> Problem
Could you transcribe exactly the lines below, from the line with "Rails Presley Floral Print Puff Sleeve Shirt" through the line with "Lucy's Notebook Cookbook", and nothing else, leaving out the pictures?

-------- Information given --------

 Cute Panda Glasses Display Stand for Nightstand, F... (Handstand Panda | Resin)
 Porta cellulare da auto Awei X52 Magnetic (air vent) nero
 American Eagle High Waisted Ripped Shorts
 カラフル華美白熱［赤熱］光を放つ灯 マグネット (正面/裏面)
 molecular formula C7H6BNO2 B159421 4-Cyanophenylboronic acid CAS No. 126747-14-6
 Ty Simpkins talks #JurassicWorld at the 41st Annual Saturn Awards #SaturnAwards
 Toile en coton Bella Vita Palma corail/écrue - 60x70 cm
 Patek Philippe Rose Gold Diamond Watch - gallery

--------
-------- Information given --------

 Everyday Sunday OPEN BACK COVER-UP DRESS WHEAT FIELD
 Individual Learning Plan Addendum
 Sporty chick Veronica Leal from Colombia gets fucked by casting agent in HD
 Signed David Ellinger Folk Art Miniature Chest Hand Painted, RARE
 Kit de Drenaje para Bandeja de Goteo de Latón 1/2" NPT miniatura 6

--------
-------- Information given --------

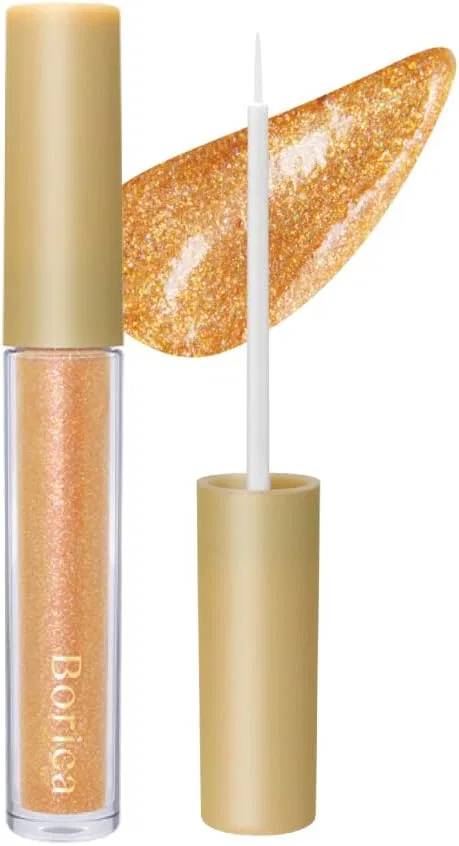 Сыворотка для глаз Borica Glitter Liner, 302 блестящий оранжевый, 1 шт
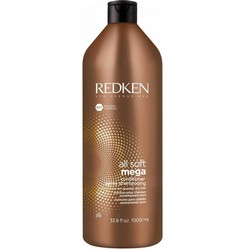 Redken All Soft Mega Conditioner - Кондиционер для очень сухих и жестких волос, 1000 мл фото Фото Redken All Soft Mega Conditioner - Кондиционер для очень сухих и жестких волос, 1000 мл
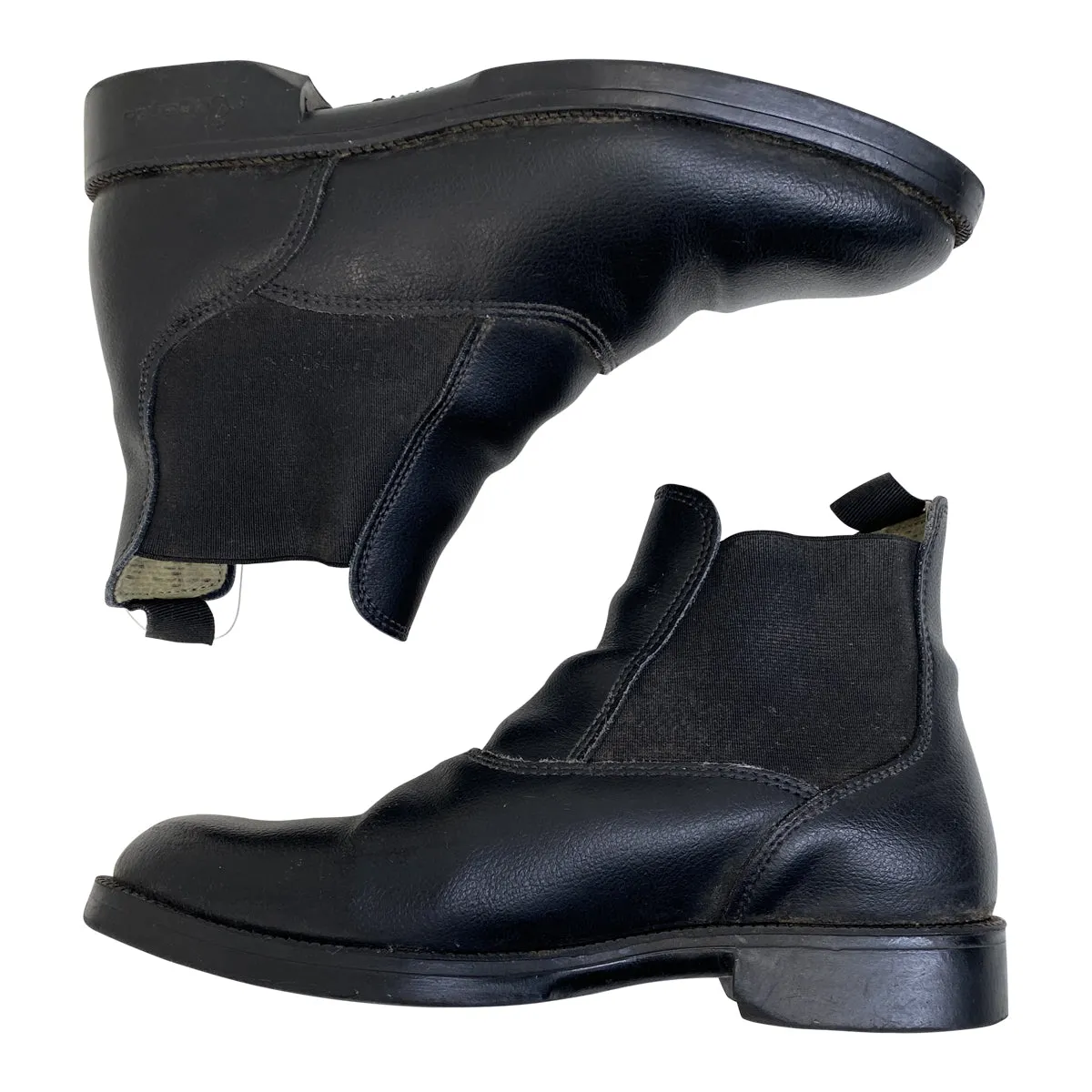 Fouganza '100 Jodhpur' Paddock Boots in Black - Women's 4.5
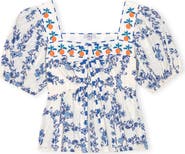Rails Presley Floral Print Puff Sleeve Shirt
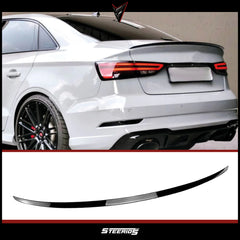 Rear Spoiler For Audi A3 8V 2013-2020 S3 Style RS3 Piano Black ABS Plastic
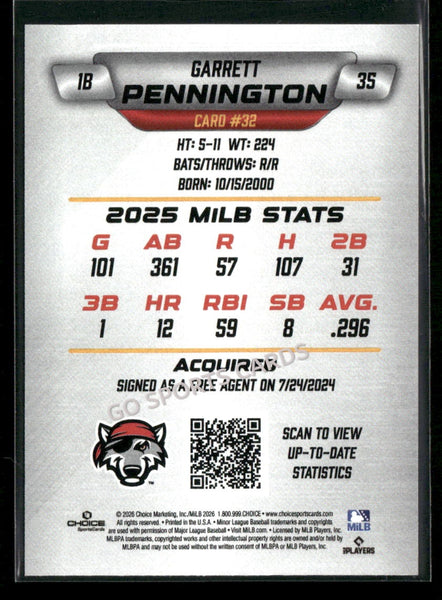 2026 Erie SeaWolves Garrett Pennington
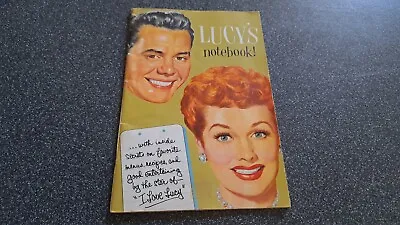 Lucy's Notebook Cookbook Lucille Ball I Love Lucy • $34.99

--------

> Answer
Rails Presley Floral Print Puff Sleeve Shirt
 Rear Spoiler For Audi A3 8V 2013-2020 S3 Style RS3 Piano Black ABS Plastic
 2026 Erie SeaWolves Garrett Pennington
 Lucy's Notebook Cookbook Lucille Ball I Love Lucy • $34.99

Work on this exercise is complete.